Start of Records provided

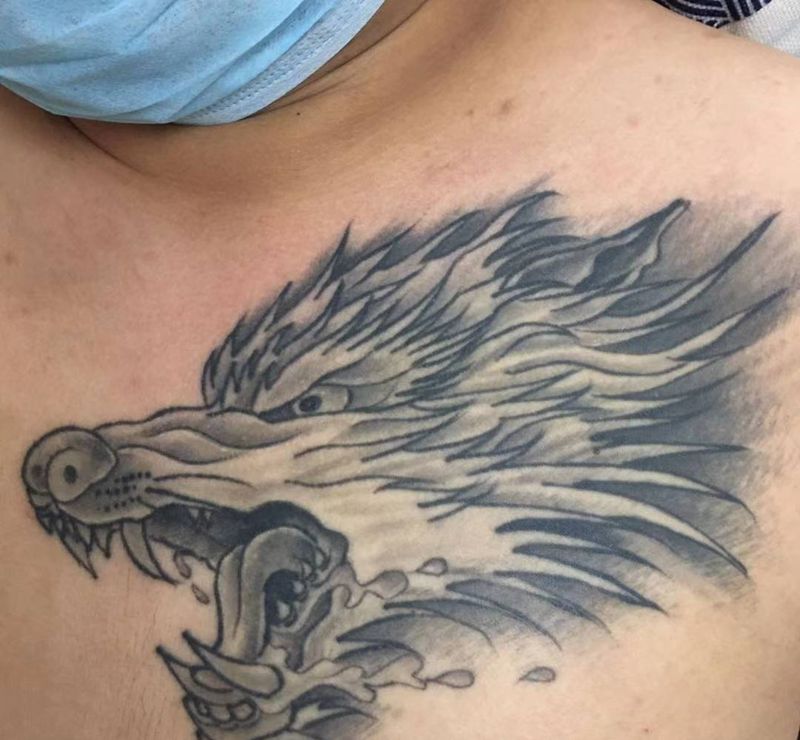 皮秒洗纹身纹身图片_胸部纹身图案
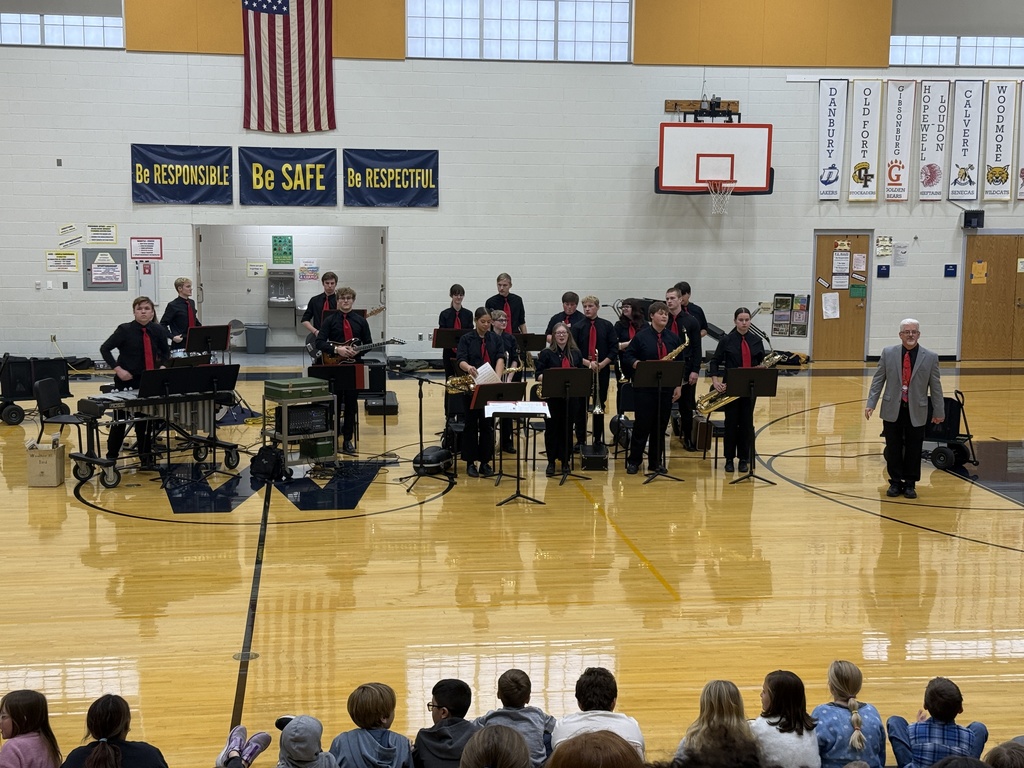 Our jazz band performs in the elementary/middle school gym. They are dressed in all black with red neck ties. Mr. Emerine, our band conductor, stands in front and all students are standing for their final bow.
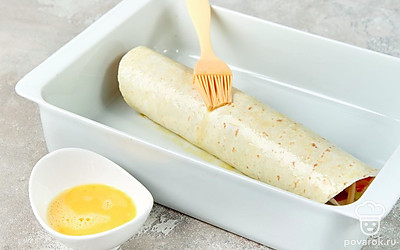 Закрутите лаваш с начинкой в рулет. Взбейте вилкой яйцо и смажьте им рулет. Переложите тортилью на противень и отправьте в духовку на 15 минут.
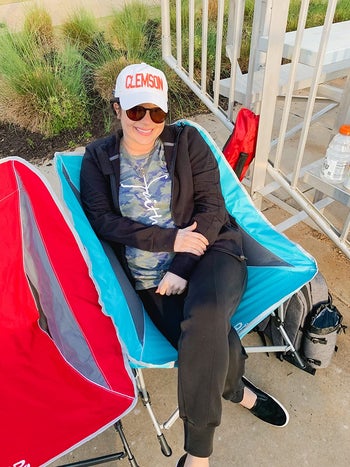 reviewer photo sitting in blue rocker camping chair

End of Records provided
Start of Records provided

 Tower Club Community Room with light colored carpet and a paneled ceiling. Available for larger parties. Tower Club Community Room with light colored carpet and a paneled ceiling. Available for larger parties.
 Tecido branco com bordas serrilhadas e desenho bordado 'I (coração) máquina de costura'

End of Records provided
Start of Records provided

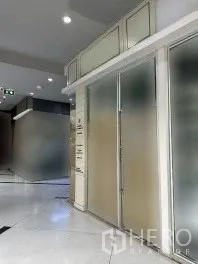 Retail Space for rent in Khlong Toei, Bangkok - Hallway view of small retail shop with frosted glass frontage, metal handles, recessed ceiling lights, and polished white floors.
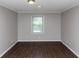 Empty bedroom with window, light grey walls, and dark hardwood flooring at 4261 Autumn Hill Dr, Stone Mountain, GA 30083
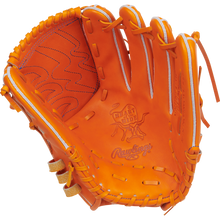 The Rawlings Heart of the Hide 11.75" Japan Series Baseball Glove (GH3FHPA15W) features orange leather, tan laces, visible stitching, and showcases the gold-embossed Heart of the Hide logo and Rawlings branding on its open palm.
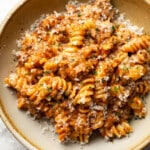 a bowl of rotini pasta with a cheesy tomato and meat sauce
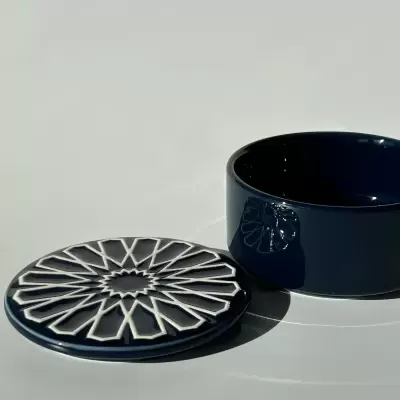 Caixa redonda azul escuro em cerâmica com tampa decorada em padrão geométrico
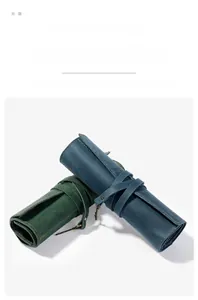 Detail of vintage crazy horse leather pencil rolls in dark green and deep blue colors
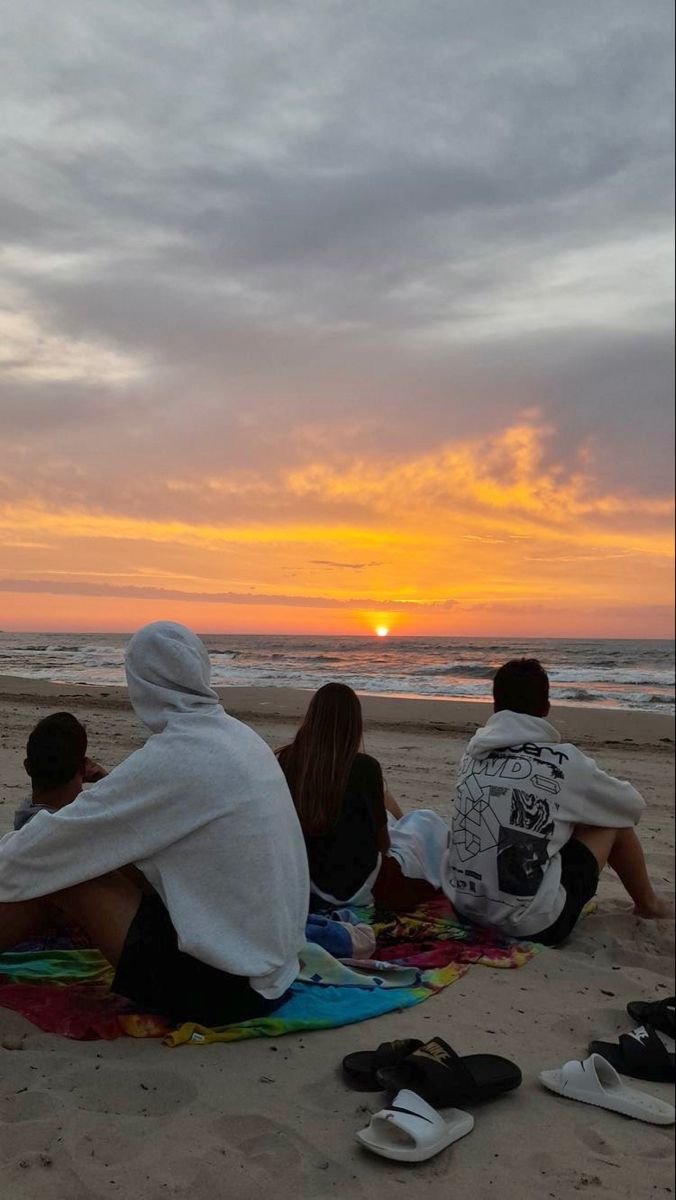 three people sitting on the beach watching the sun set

End of Records provided

[Problem to work on]: From the data above, return exactly the lines from the one with "Our jazz band" up to and including the one with "reviewer photo sitting". Pictures do not go in the copy.

[Solution to the problem]:
 Our jazz band performs in the elementary/middle school gym. They are dressed in all black with red neck ties. Mr. Emerine, our band conductor, stands in front and all students are standing for their final bow.
 Закрутите лаваш с начинкой в рулет. Взбейте вилкой яйцо и смажьте им рулет. Переложите тортилью на противень и отправьте в духовку на 15 минут.
 reviewer photo sitting in blue rocker camping chair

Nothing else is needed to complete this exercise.